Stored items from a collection

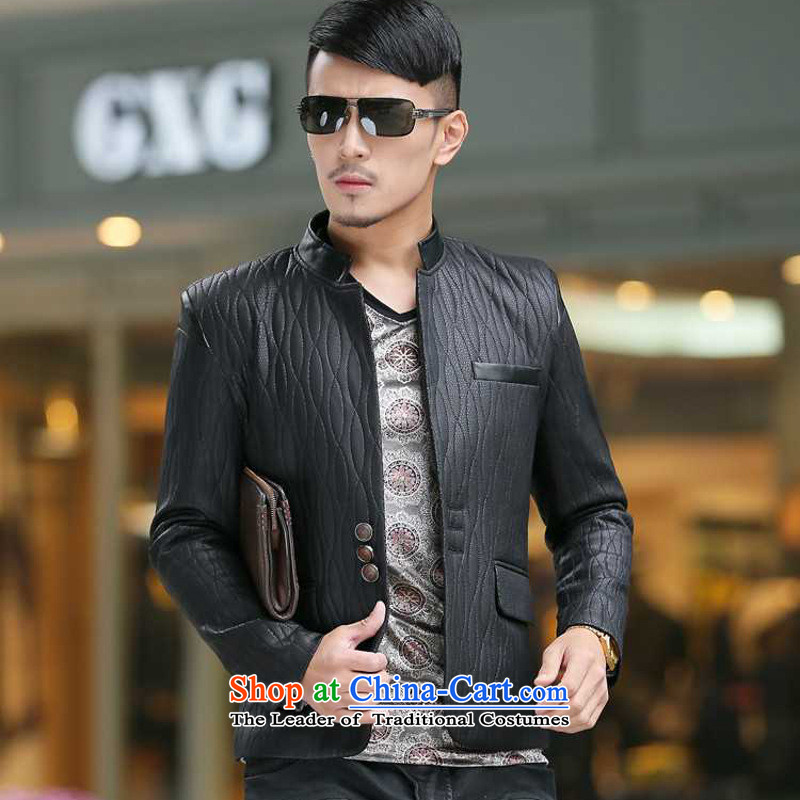 Dan Jie Shi 2015 Fall/Winter Collections new stylish high-end xl business Sau San Men's Mock-Neck leather garments Chinese tunic suit coats map color XXL, Dan Jie Shi (DAN JIE SHI) , , , shopping on the Internet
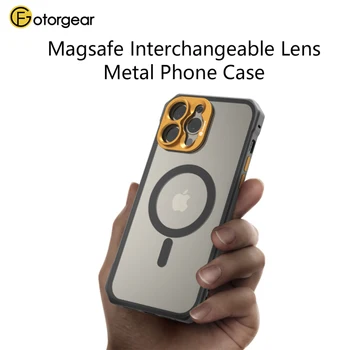 Fotorgear Manyetik telefon kılıfı Metal Koruyucu Telefon Kılıfı için iPhone14 13 12 Pro Max Artı 17mm Telefon Lens
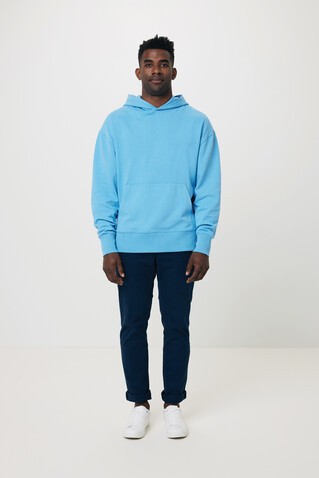 IQONIQ Yoho Relax-Hoodie aus recycelter Baumwolle tranquil blue bedrucken, Art.-Nr. T9402.010.XXXL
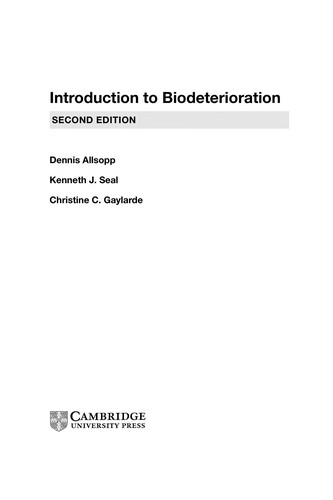 Cover for INTRODUCTION TO BIODETERIORATION.
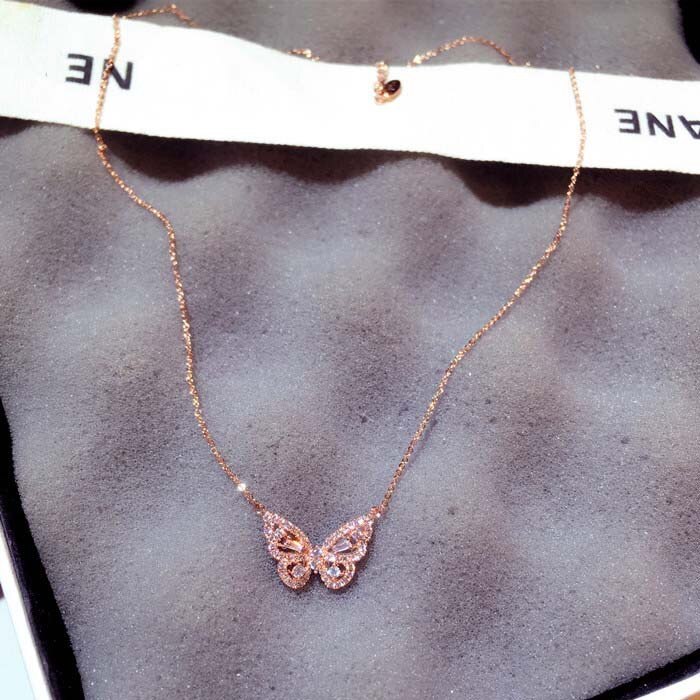 small fresh butterfly pendant white zircon necklace for Lady butterfly white zircon necklace Bowknot jewelry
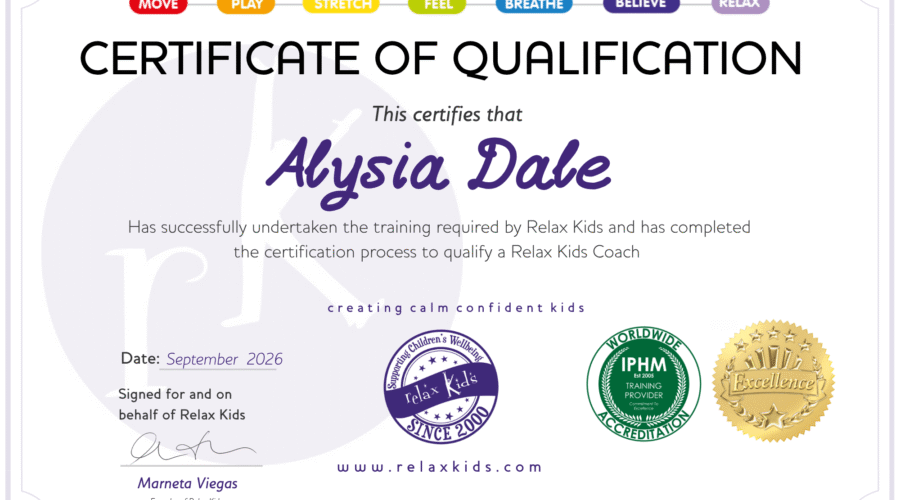 Exciting News: Little Hiccups Trustee Qualifies as a Relax Kids Coach!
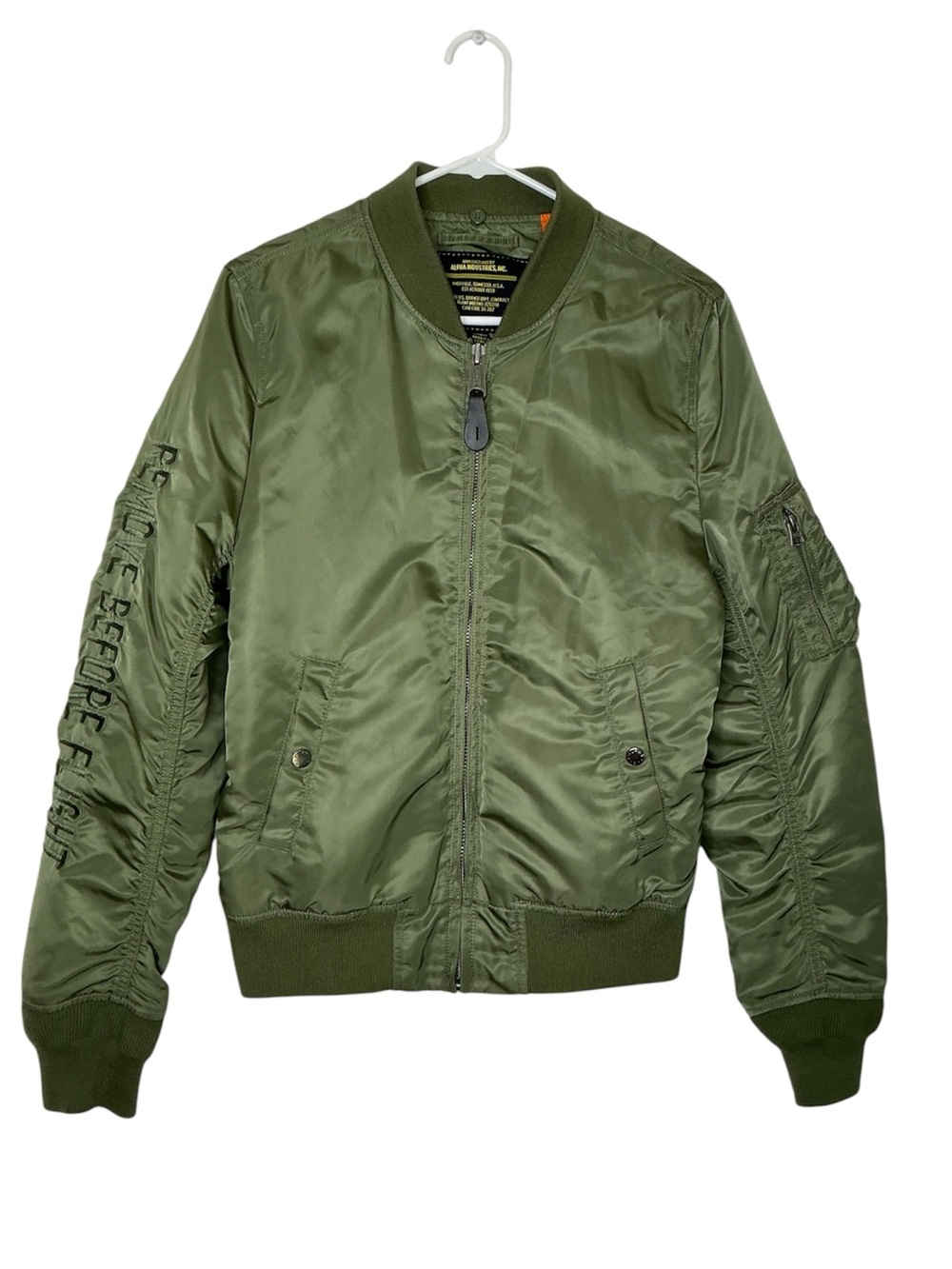 Alpha Industries Men's Olive Green Bomber Jacket - Military Style Size XSmall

PROBLEM TO WORK ON: Transcribe the entries from their first line to the line that holds "small fresh butterfly", both included, and skip every picture.

PROBLEM SOLUTION:
 Dan Jie Shi 2015 Fall/Winter Collections new stylish high-end xl business Sau San Men's Mock-Neck leather garments Chinese tunic suit coats map color XXL, Dan Jie Shi (DAN JIE SHI) , , , shopping on the Internet
 Fotorgear Manyetik telefon kılıfı Metal Koruyucu Telefon Kılıfı için iPhone14 13 12 Pro Max Artı 17mm Telefon Lens
 IQONIQ Yoho Relax-Hoodie aus recycelter Baumwolle tranquil blue bedrucken, Art.-Nr. T9402.010.XXXL
 Cover for INTRODUCTION TO BIODETERIORATION.
 small fresh butterfly pendant white zircon necklace for Lady butterfly white zircon necklace Bowknot jewelry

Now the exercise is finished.